**Task item:**
Below are the entries to work from; restate word for word the portion that opens with the line containing "Foto del paso" and closes with the line containing "1 Bedroom Apartment 55 M2 利缇纳 外观 照片", keeping both.

Top of Data provided

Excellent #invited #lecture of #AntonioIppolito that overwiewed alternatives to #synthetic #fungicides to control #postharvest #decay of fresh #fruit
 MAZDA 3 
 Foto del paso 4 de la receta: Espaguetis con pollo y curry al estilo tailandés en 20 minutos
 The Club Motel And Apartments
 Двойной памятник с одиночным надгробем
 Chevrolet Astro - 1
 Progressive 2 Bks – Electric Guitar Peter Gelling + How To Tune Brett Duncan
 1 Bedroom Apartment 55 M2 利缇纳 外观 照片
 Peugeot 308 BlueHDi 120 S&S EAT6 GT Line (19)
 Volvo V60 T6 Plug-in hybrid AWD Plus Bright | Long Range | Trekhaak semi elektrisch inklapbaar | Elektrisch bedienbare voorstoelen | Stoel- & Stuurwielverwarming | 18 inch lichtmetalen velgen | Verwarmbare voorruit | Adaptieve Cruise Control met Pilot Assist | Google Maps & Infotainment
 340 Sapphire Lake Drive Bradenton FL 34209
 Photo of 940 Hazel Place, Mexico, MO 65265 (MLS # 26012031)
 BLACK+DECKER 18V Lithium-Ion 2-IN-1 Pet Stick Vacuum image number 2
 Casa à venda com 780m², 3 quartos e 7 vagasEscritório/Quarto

Bottom of Data provided

**Response to this task:**
 Foto del paso 4 de la receta: Espaguetis con pollo y curry al estilo tailandés en 20 minutos
 The Club Motel And Apartments
 Двойной памятник с одиночным надгробем
 Chevrolet Astro - 1
 Progressive 2 Bks – Electric Guitar Peter Gelling + How To Tune Brett Duncan
 1 Bedroom Apartment 55 M2 利缇纳 外观 照片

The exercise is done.